Le problème, c’est que le vin n’est pas pris en compte pour les spécificités qu’il apporte au niveau de l’alimentation. Il est traité simplement comme une autre forme d’alcool. Tous les autres constituants qu’il peut renfermer, qui pourraient présenter un intérêt, ne sont pas pris en compte. Or, tous les jours nous consommons beaucoup de produits qui posent problème. Pour certains, c’est trop de sucre alors qu’il n’y a pas d’avertissement sur un paquet de sucre, ni sur les friandises, les bonbons ou le chocolat. Pour moi, le vin devrait être considéré comme une exception culturelle. Il fait partie de la culture d’un certain nombre de pays producteurs de vin qui ont adapté leur alimentation et leur nutrition par rapport au vin. En général, ils ont réussi à intégrer le produit de façon sage. On a bien vu avec la Prohibition que l’interdiction ne résout pas les problèmes. La nature a horreur du vide, et s’il n’y pas de vin il y aura d’autres choses qui seront peut-être pires. Il faut y penser.

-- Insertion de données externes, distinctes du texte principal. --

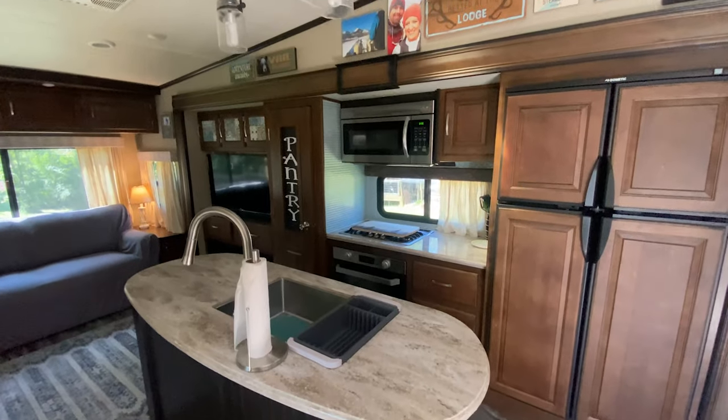Since we've owned three travel trailers and two fifth wheels, I wanted to bring this video to you about what our thoughts were on the difference. One of the biggest reasons that we like a fifth wheel over a travel trailer is it usually has higher ceilings and the layouts just feel more like home. Both of the fifth wheels — our other fifth wheel had a rear U-shaped kitchen, and that was the reason we picked that one because we loved the kitchen feel.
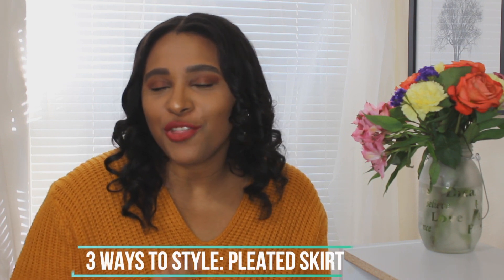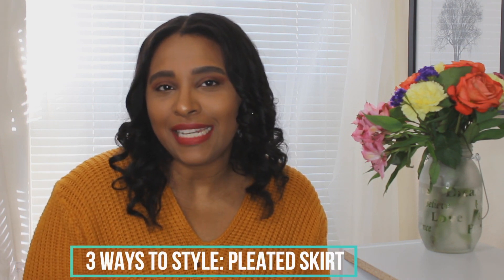Hey guys, welcome back to my channel. If you're new here, welcome. My name is Patti. I do fashion and beauty videos. Now today's video, I'm going to be sharing three ways to style a pleated skirt.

Nous avons eu par le passé, la chance d’avoir le programme Vin et Santé sous l’égide de l’Onivins à l’époque, où il y a eu des fonds pour travailler sur les effets de la consommation du vin, ses constituants non alcooliques, l’effet de l’éthanol avec ces constituants ou pas, à travers des études épidémiologiques, cellulaires, voire cliniques. Grâce à ces travaux, plutôt nombreux, on a réussi à voir que lorsqu’on était dans la modération, l’effet était plutôt positif. Les travaux se sont arrêtés autour de 2010. Peut-être qu’aujourd’hui il serait bon, par exemple, de comparer les vins complets tels qu’ils sont en mode de consommation modérée avec des vins qui sont désalcoolisés ou sans alcool puisqu’on nous dit qu’il faudrait développer des produits de ce type-là.
Oui, effectivement, si on communique un message négatif en permanence sans prendre de précaution sur la façon de consommer, si on est systématiquement dans l’interdit, et si on n’a accès qu’à ce type d’informations, cela n’incite pas à consommer de façon avertie, équilibrée, en connaissance de cause. Il est certain que cela joue un rôle non négligeable. On a escamoté tout l’aspect portant sur l’éducation à la modération. C’est quelque chose qu’il faudrait remettre à l’ordre du jour. En réalité, il faut personnaliser davantage les recommandations en fonction des personnes. Les recommandations aujourd’hui visent un individu standard alors que la population n’est pas un individu standard. Il faudrait tout prendre en considération pour faire des recommandations plus ciblées. Cela n’existe pas. Sachant que pour être crédible, il faut travailler sur les dérives aussi.